When President Lyndon Johnson declared "unconditional war on poverty", his goal was to provide the opportunity for every American to enjoy the benefits of the nation's new theme: "The Great Society." The Economic Opportunity Act, signed into law by Johnson on August 20, 1964, established a network of local organizations that have been working to fulfill that dream in nearly every community in the nation.
Pittsylvania County was not be left out.... primarily because of a handful of "community action pioneers" who rode the back of that national campaign to ensure that this county was included.
Mr. Irvin Burton was one of the community leaders who spearheaded the creation of a community action agency in Pittsylvania County. The initial idea was sparked when Mr. Burton noticed an article entitled, "The War on Poverty" in a West Virginia newspaper. The article described an organization that was building a walking bridge in a rural community. Not only was this community improvement, but it was providing jobs for the unemployed in the community.
Burton said he read the article with "great interest” and due to tremendous insight on his part, he recognized how this new type of organization, called a community action agency, could benefit Pittsylvania County.
Mr.

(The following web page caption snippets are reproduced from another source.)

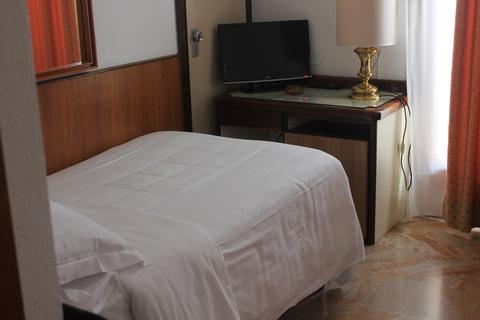 Canova Hotel
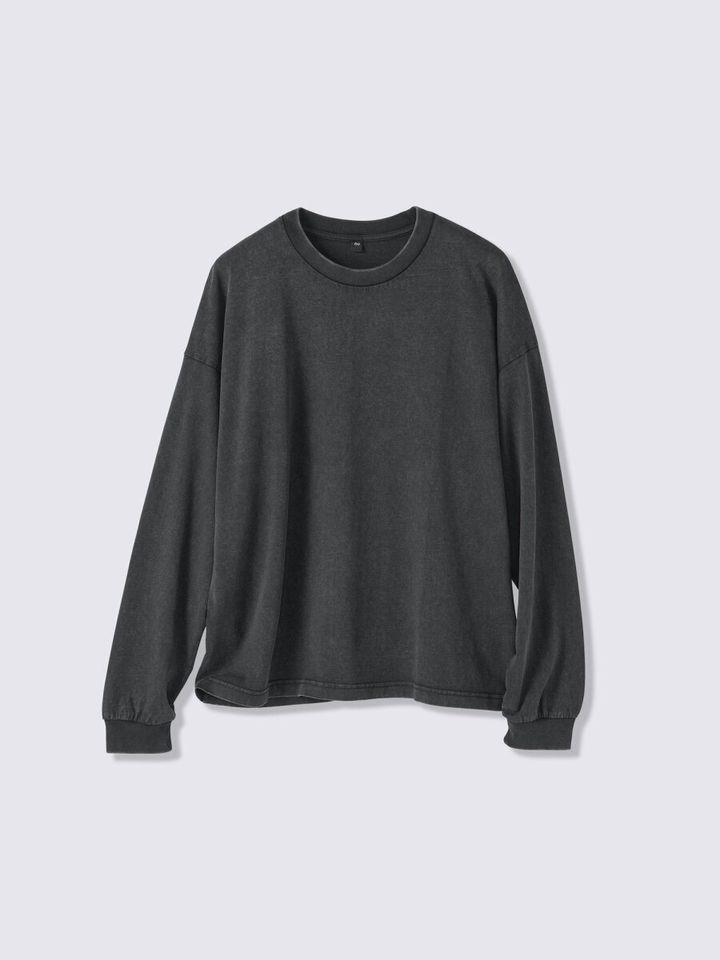 ダークグレーのウォッシュ加工が施されたボクシーT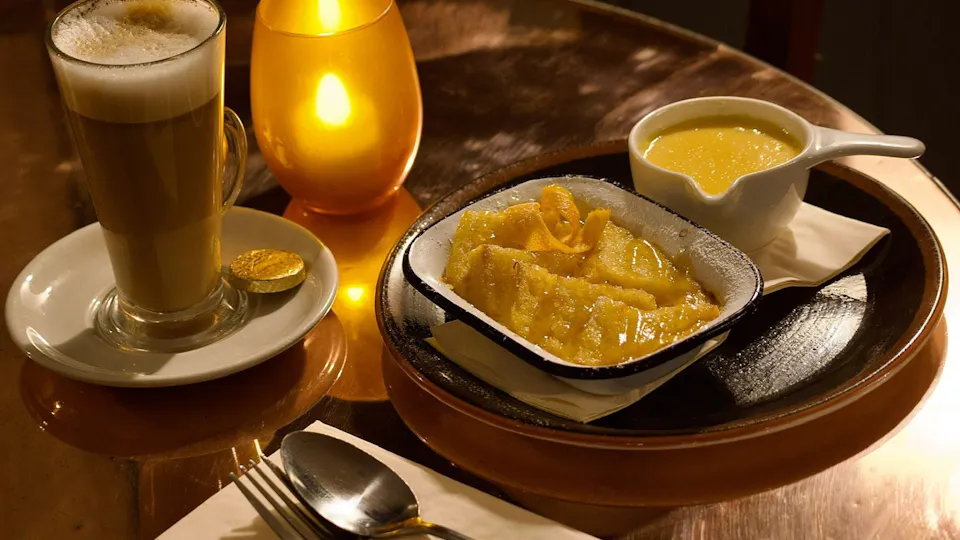 The Curious Pig Copthorne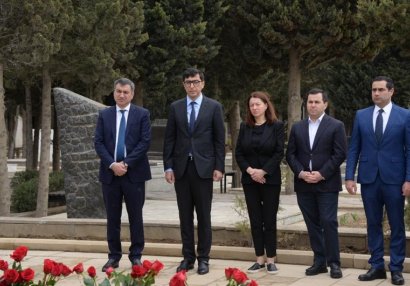 Gənclər və idman nazirliyinin rəhbərliyi Azad Rəhimovun məzarını ziyarət etdi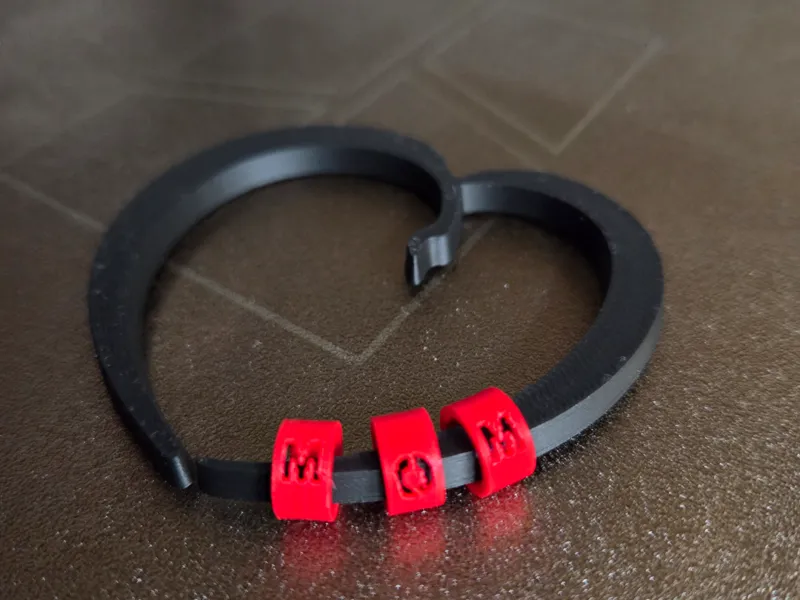 Ciondolo "MOM" con Cuore e Charm-Festa della Mamma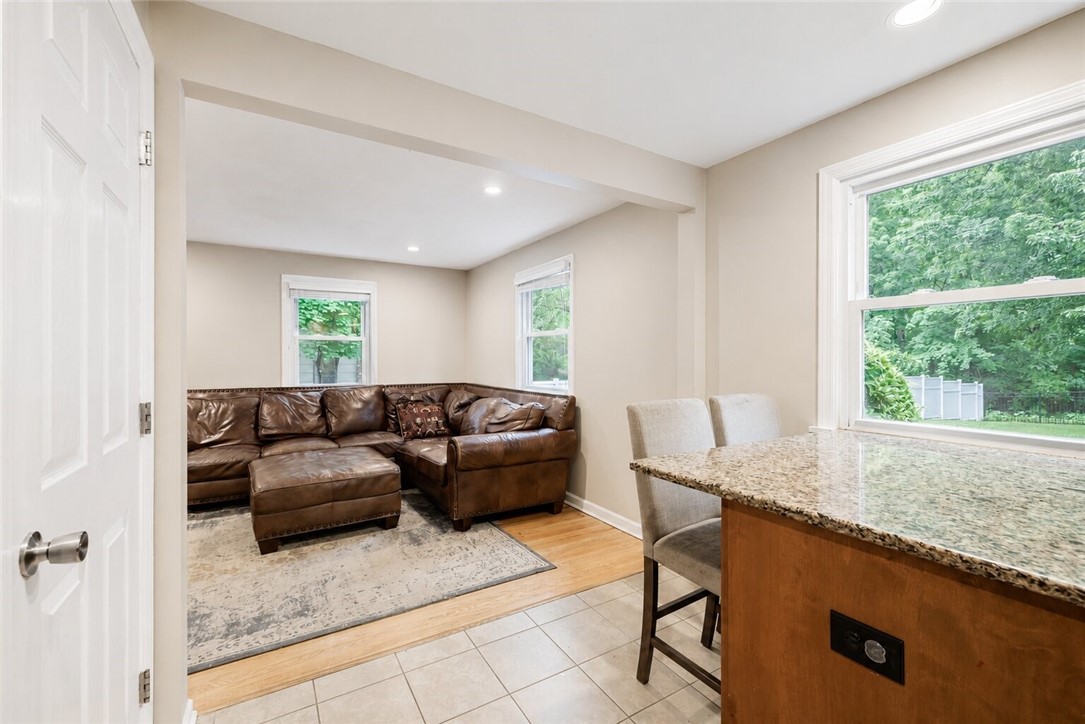 455 Reeves Road Pittsford, NY 14534 - Photo 10 of 27
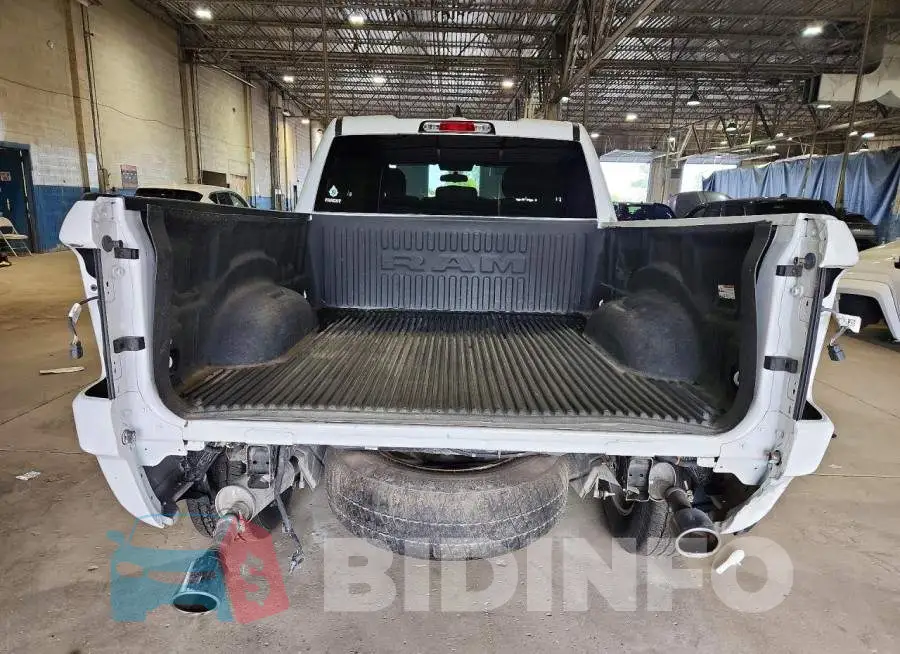 1C6SRFBT6MN714692 Photo# 6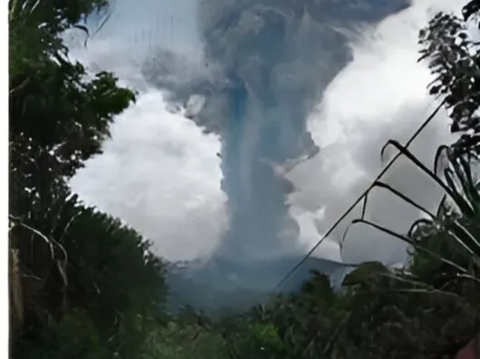 Moments of Evacuation of a Woman Climber on Mount Merapi, Trapped and Sends Video Now Safe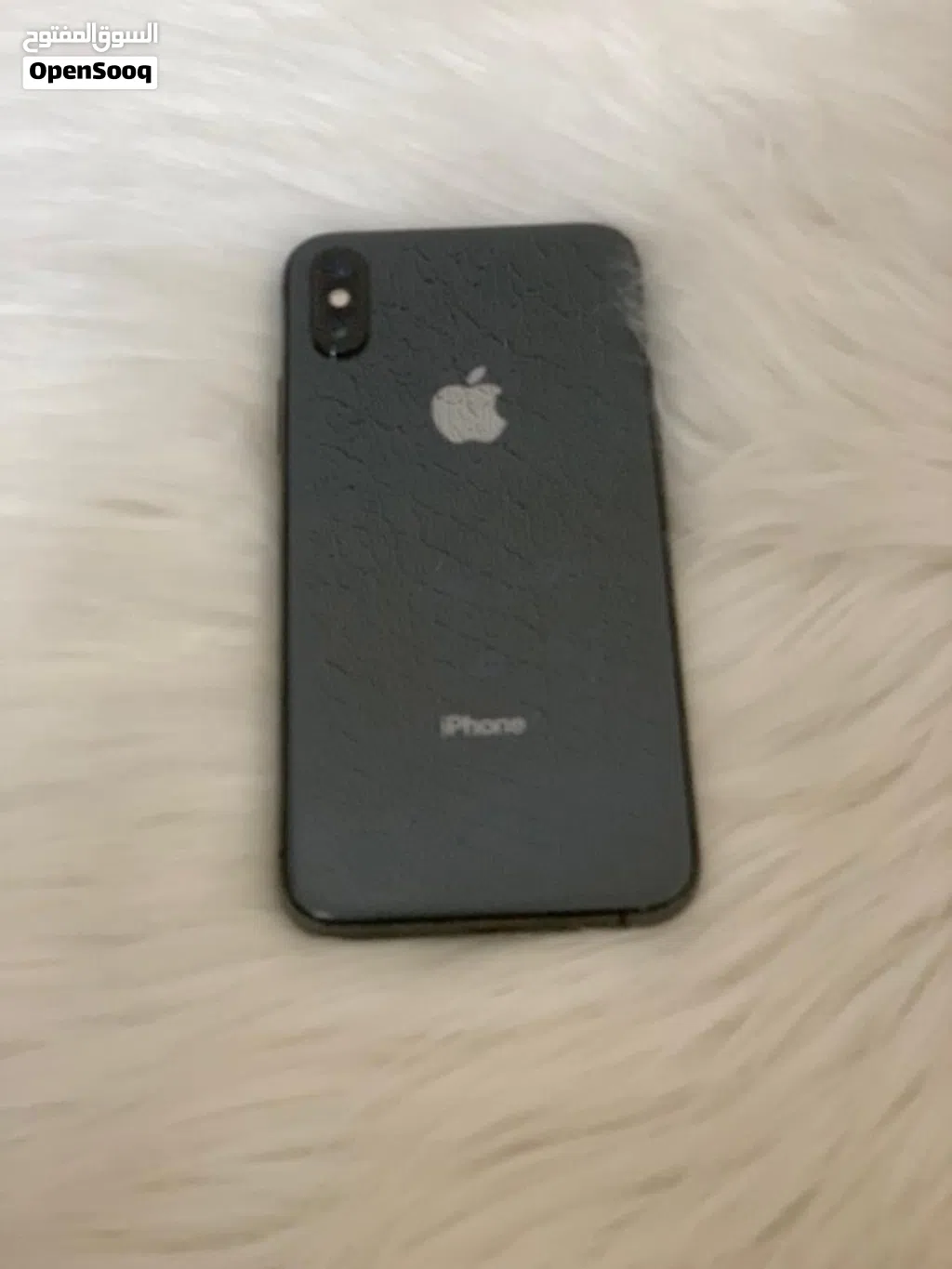 للبيع — Apple iPhone XS جهاز أنيق وفخم، أداء قوي وسريع الذاكرة: 256 قيقا البطارية: 75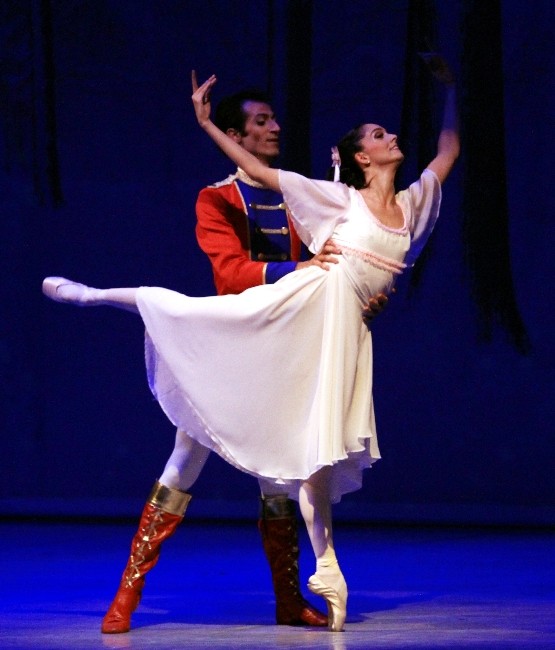 Fındıkkıran Balesi Prömiyeri Sahnelendi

Burton went to see Mr. Frank Walton, the supervisor for the Dan River District at that time. Mr. Walton expressed interest in the idea and made a few contacts of his own. Mr. James Combs, Superintendent of Pittsylvania County Schools, was one of those contacts. Realizing it would be of great advantage to the school system if the area could benefit from the different federal programs which were available, Mr. Combs pledged his support.
Support grew within the community and a meeting was held to initiate plans to organize a community action agency in Pittsylvania County. Attending the meeting were the members of the Board of Supervisors, School Superintendent Combs, Assistant School Superintendent Charles Hagberg, and many community representatives, including Mr. Burton, Mr. Clyde Banks (President of the NAACP), Reverend Frank Greene, Mr. Jesse Clark, members of the NAACP, Mr. Albert Tippet (Principal of Northside High School), and Mr. William Turner (Principal of Southside High School).
Following these meetings, Mr. Clyde Banks was elected to be the first president of the Board of Directors, and Mr. Burton, who were members of the Personnel Committee, hired Mr. Robert Dirk as the first Executive Director of PCCA.
Since that time, there have been three Executive Directors, including Mr. Kenneth Thorson, Rev. Charles Miller, Mr. Sherman Saunders, and Everlena B. Ross, present Executive Director.
Over the years, PCCA staff have increased to over 100 employees, with agency components doubling in size and/or operations.
PCCA has become a multi-jurisdiction agency. This agency is the designated Community Action for Pittsylvania County, the City of Danville, the City of Martinsville, and Henry County.
PCCA's success as a human service provider is evidenced by its continuing growth, the acceptance and respect it receives from the communities it serves and its ability to move forward undaunted by adversities.